The multiply-by-inverse approach is, IMO, the simplest if you stick to integer arithmetic. The basic method is
Estimate the inverse of y with m = floor(2^k / y)
Estimate x/y with q = 2^(i+j-k) floor(floor(x / 2^i) m / 2^j)
In fact, practical implementations can tolerate additional error in m if it means you can use a faster reciprocal implementation.
The error is a pain to analyze, but if I recall the way to do it, you want to choose i and j so that x ~ 2^(i+j) due to how errors accumulate, and you want to choose x / 2^i ~ m^2 to minimize the overall work.
The ensuing reduction will have r ~ max(x/m, y), so that gives a rule of thumb for choosing k: you want the size of m to be about the number of bits of quotient you compute per iteration — or equivalently the number of bits you want to remove from x per iteration.
I do not know the multiplicative inverse algorithm but it sounds like modification of Montgomery Reduction or Barrett's Reduction.
I do bigint divisions a bit differently.
See bignum division.

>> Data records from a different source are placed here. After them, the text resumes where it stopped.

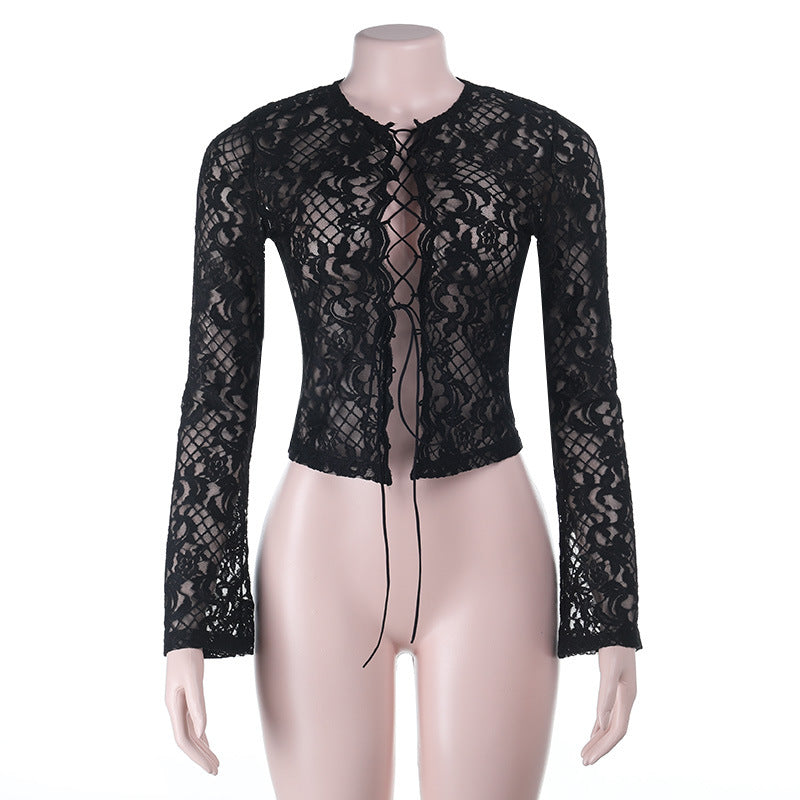 Lace up Sexy Long Sleeved Blouse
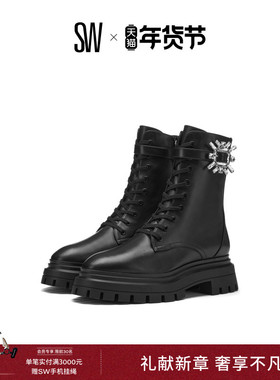 SW CRYSTAL NOVA BEDFORD BOOTIE 秋冬水晶厚底马丁靴粗跟短靴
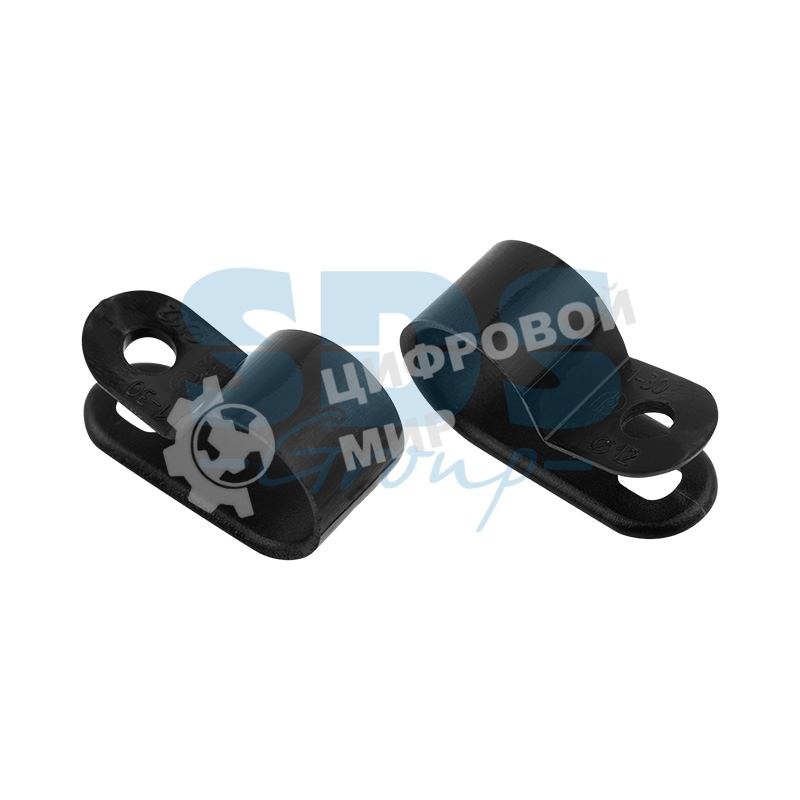 Кабельная скоба под винт Rexant 12 мм, черная, упаковка 50 шт.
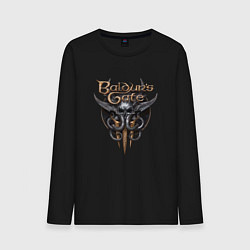Лонгслив хлопковый мужской Baldurs Gate 3 - logotype, цвет: черный
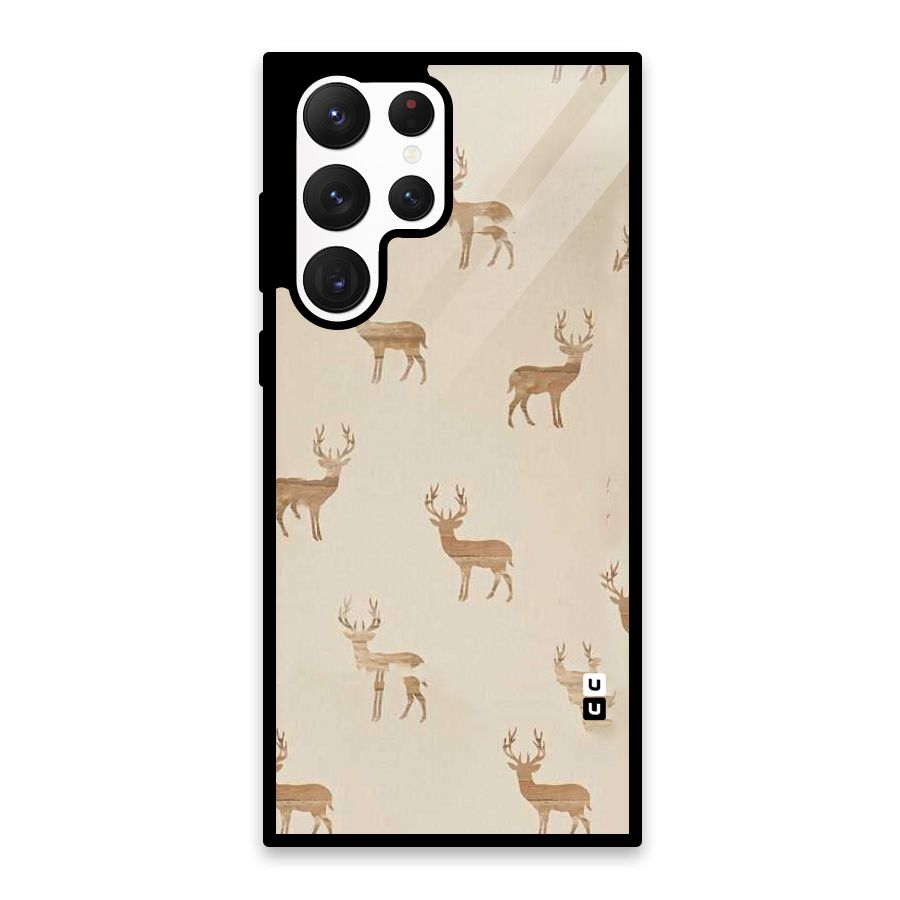 Deer Pattern Glass Back Case for Galaxy S22 Ultra 5G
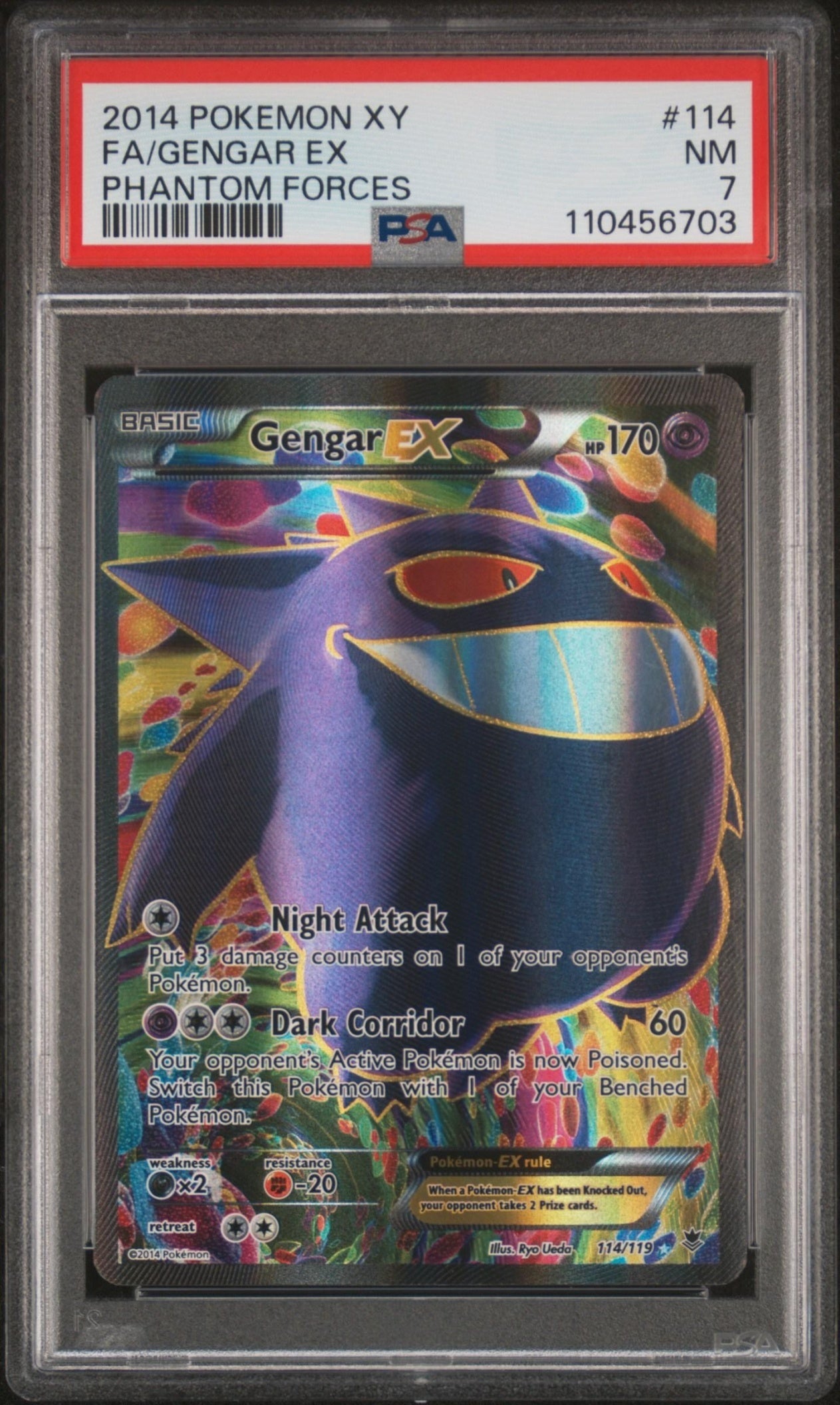 Gengar EX 2014 XY Phantom Forces PSA 7 - Front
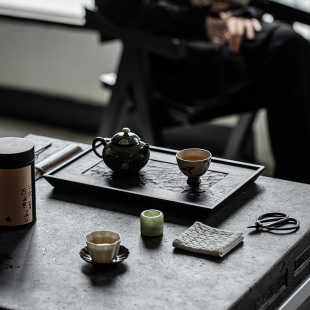 家用碳化干泡盘办公室简约功夫茶具茶托盘 皓澜庭手工实木茶盘中式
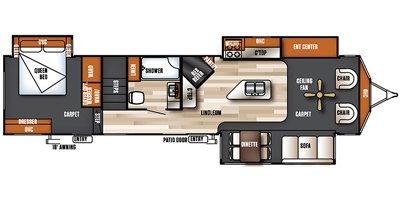 2018 Forest River Salem Villa Estate 4092BFL floorplan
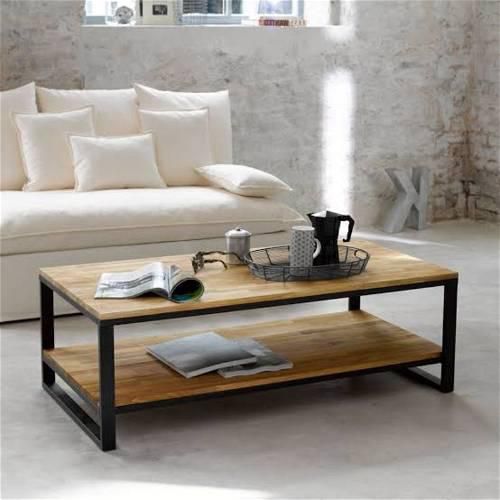 Coffee Table, Black / Light Wood - SST50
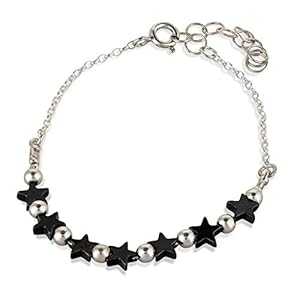 ヘマタイト スター ブレスレット スターリングシルバー ビーズの長さ 6 インチ + エクステンション Avnis Hematite Star Bracelet Sterling silver Bead Length 6 inches + extension|Glomarket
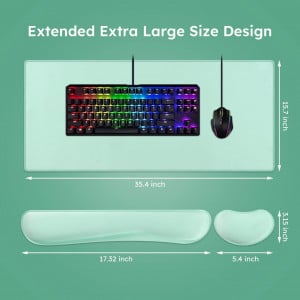 Set mousepad si 2 protectii pentru mana ICasso, neopren, turcoaz - Img 6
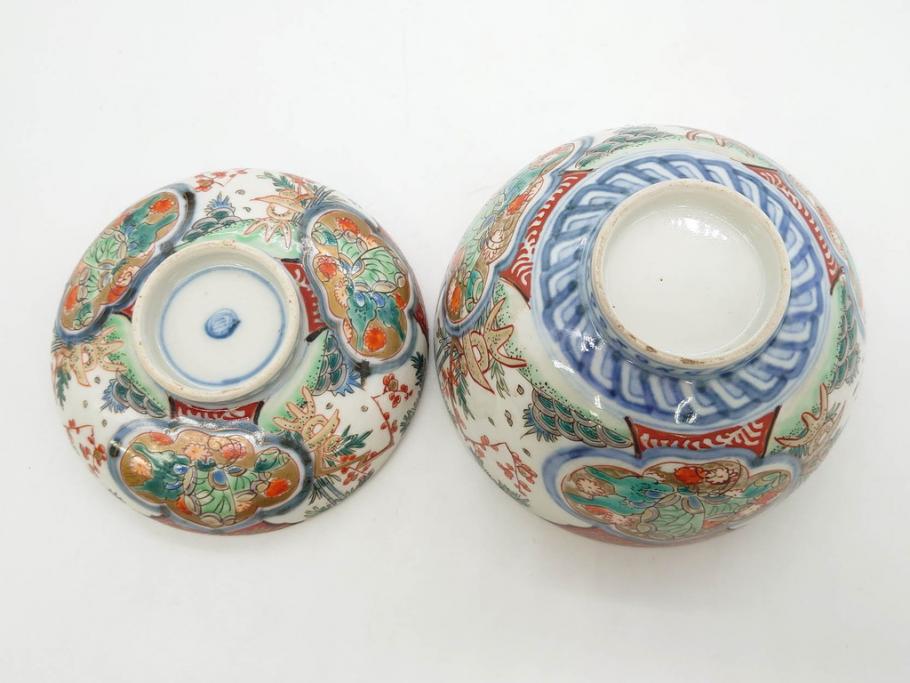 上手物　江戸期　古伊万里　色絵　約12cm　3.7寸　食卓を艶やかに彩る蓋付き茶碗5客セット(松竹梅、金彩、風景、花、器、どんぶり、蓋茶碗、和食器、三寸七分)(R-082823)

Especially take a look at the approximation divider and the 2 links there. One is my fixed point divider and the others are fast multiplication algos (like karatsuba,Schönhage-Strassen on NTT) with measurements, and a link to my very fast NTT implementation for 32bit Base.
I'm not sure if the inverse multiplicant is the way.
It is mostly used for modulo operation where the divider is constant. I'm afraid that for arbitrary divisions the time and operations needed to acquire bigint inverse can be bigger then the standard divisions itself, but as I am not familiar with it I could be wrong.
The most common divider in use I saw in implemetations are Newton–Raphson division which is very similar to approximation divider in the link above.
Approximation/iterative dividers usually use multiplication which define their speed.
For small enough numbers is usually long binary division and 32/64bit digit base division fast enough if not fastest: usually they have small overhead, and let n be the max value processed (not the number of digits!)
Binary division example:
Is O(log32(n).log2(n)) = O(log^2(n)).
It loops through all significant bits. In each iteration you need to compare, sub, add, bitshift. Each of those operations can be done in log32(n), and log2(n) is the number of bits.
Here example of binary division from one of my bigint templates (C++):
template <DWORD N> void uint<N>::div(uint &c,uint &d,uint a,uint b)
{
int i,j,sh;
sh=0; c=DWORD(0); d=1;
sh=a.bits()-b.bits();
if (sh<0) sh=0; else { b<<=sh; d<<=sh; }
for (;;)
{
j=geq(a,b);
if (j)
{
c+=d;
sub(a,a,b);
if (j==2) break;
}
if (!sh) break;
b>>=1; d>>=1; sh--;
}
d=a;
}
N is the number of 32 bit DWORDs used to store a bigint number.
c = a / b
d = a % b
qeq(a,b) is a comparison: a >= b greater or equal (done in log32(n)=N)
It returns 0 for a < b, 1 for a > b, 2 for a == b
sub(c,a,b) is c = a - b
The speed boost is gained from that this does not use multiplication (if you do not count the bit shift)
If you use digit with a big base like 2^32 (ALU blocks), then you can rewrite the whole in polynomial like style using 32bit build in ALU operations.
This is usually even faster then binary long division, the idea is to process each DWORD as a single digit, or recursively divide the used arithmetic by half until hit the CPU capabilities.
See division by half-bitwidth arithmetics
On top of all that while computing with bignums
If you have optimized basic operations, then the complexity can lower even further as sub-results get smaller with iterations (changing the complexity of basic operations) A nice example of that are NTT based multiplications.
The overhead can mess thing up.
Due to this the runtime sometimes does not copy the big O complexity, so you should always measure the tresholds and use faster approach for used bit-count to get the max performance and optimize what you can.